Mitterrand rend hommage au talent littéraire de son ami, qui illuminait les soirées où les deux hommes parvenaient à échapper pendant quelques heures à leur condition de prisonniers grâce aux pages qu'écrivait quotidiennement Gaillard :
« Pour moi qui fus, pendant près d'une année, l'ami et le compagnon de captivité de Robert Gaillard, le petit volume qu'il vient de publier, sous le titre “Mes évasions”, et qui a obtenu un prix de l'Académie française, provoque des résonances nombreuses. Je me rappelle les soirées passées dans la salle de pansements de l'infirmerie du Stalag IX A, où, volets clos et portes verrouillés, il me lisait ses pages de journal. Dans ce camp de quatre mille hommes, c'était le seul coin de solitude et de tranquillité. »

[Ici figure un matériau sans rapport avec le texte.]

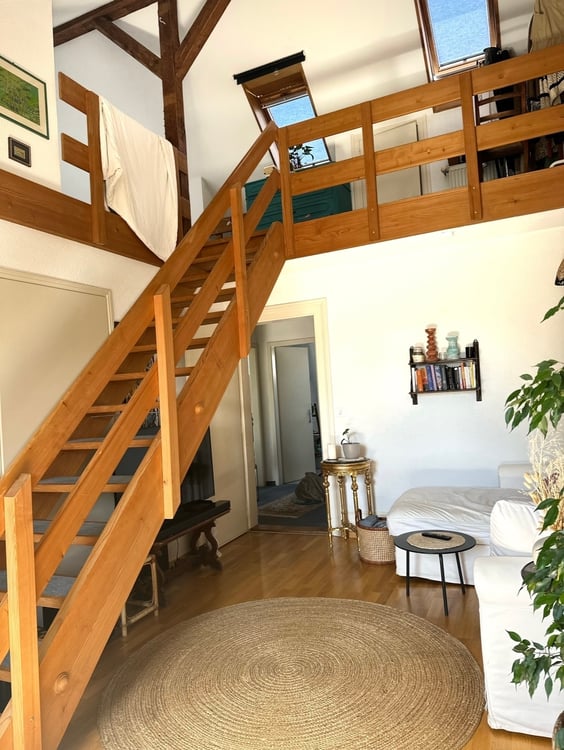 1½ ZI-WOHNUNG IN BERN - MURIFELD, MÖBLIERT, TEMPORÄR 5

Mitterrand, estimant ces pages dignes d'intérêt pour les lecteurs français, alors privés de récits de la vie dans les camps de travail allemands, décide d'aider son ami à faire publier son journal :
« Un soir, Gaillard me dit : — Penses-tu que ces notes intéresseraient nos amis de France ? et dois-je les envoyer à mon éditeur ? Elles racontent peu de l'extérieur de notre vie ; elles ignorent le pittoresque ; elles sont seulement le reflet des pensées d'un homme qui cherche, à travers les événements qui l'accablent, une occasion de se connaître mieux. Je l'assurai de l'intérêt et du profit que trouverait un large public dans des pages si véridiques. Comme il l'écrit lui-même, “la vie des camps n'est que la moitié de la vie humaine”. Qui saurait rester indifférent devant le spectacle d'un de ces hommes qui, privés des plus simples joies, entreprennent ces évasions intérieures au bout desquelles sont toujours les plus secrètes et les plus belles libertés ? Au mois d'août, le recueil était composé. Je le portai à la censure, dont il revint sans accident. Et nous l'envoyâmes à Paris. »

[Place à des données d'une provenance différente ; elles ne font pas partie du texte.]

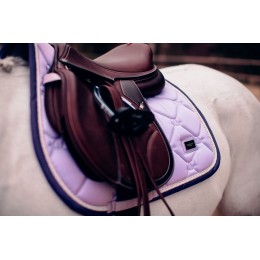 Equestrian Stockholm Lavender Pearl конкурный вальтрап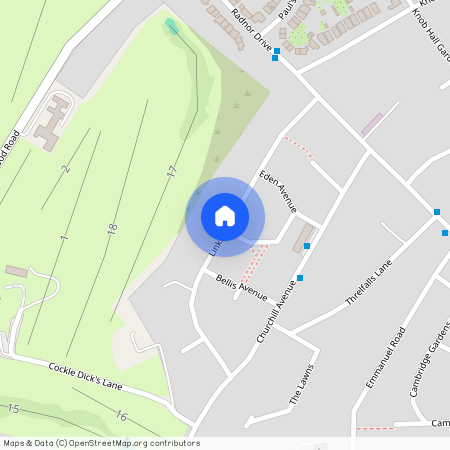 Links Avenue, Southport PR9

Presque trois ans plus tôt, au début de la Seconde Guerre mondiale, Mitterrand, jeune diplômé de l'École libre des sciences politiques (ancêtre de l'actuelle Sciences Po), se trouve mobilisé et envoyé sur la ligne Maginot avec le grade de sergent-chef. Quelques mois plus tard, en juin 1940, peu après l'invasion allemande, il est blessé à l'omoplate droite par un éclat d'obus, puis capturé par les Allemands qui l'envoient alors au stalag IX de Ziegenhain-Trutzhain où il passera dix-huit mois avant de parvenir à s'en évader. C'est là qu'il rencontre Roger Gaillard, qui remportera en 1942, peu après la publication de Mes évasions, le prix Renaudot pour son roman Les Liens de chaîne.

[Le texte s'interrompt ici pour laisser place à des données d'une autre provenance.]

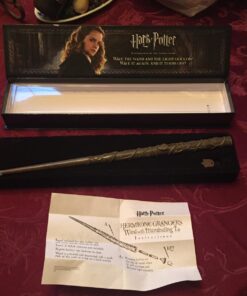The Noble Collection Hermione Granger's Illuminating Wand 32 71AvJ2JzS0L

Mais au moment où l'article est publié dans Le Figaro, François Mitterrand est libre (après deux tentatives, il s'est finalement évadé du stalag IX en décembre 1941), ce qui n'est pas encore le cas de Robert Gaillard, toujours détenu dans ce qui est alors le plus grand camp situé sur le territoire de l'actuel Land de la Hesse (qu'il ne quittera que quelques mois plus tard en tant que rapatrié sanitaire). Le futur président de la République a donc une pensée émue pour son ami toujours enfermé, et évoque l'étonnante désinvolture dont faisait parfois preuve Gaillard, qui exerçait comme infirmier au sein du camp :
« En cette heure, j'imagine Robert Gaillard, dans la baraque 8, allant inlassablement d'un de ses malades à l'autre ; arrangeant un pansement ; faisant une piqûre. De temps en temps, pour se délasser, il s'étend sur le premier lit à droite de la porte d'entrée, le sien, sur son étagère, un tome des “Essais” et les “Confessions” témoignent de sa prédilection pour Montaigne et Rousseau. Il s'étend, et une minute il rêve. Souvent aussi, je le surprenais, immobile et las. Il se relevait, rajustait ses fortes lunettes d'écaille et me posait l'éternelle question “quoi de neuf”, à laquelle, dans les camps, on n'ose plus répondre. Puis s'engageait la conversation dont la gaité n'était pas exclue. Je pense à tout cela devant ce petit livre plein de sagesse et de substance. »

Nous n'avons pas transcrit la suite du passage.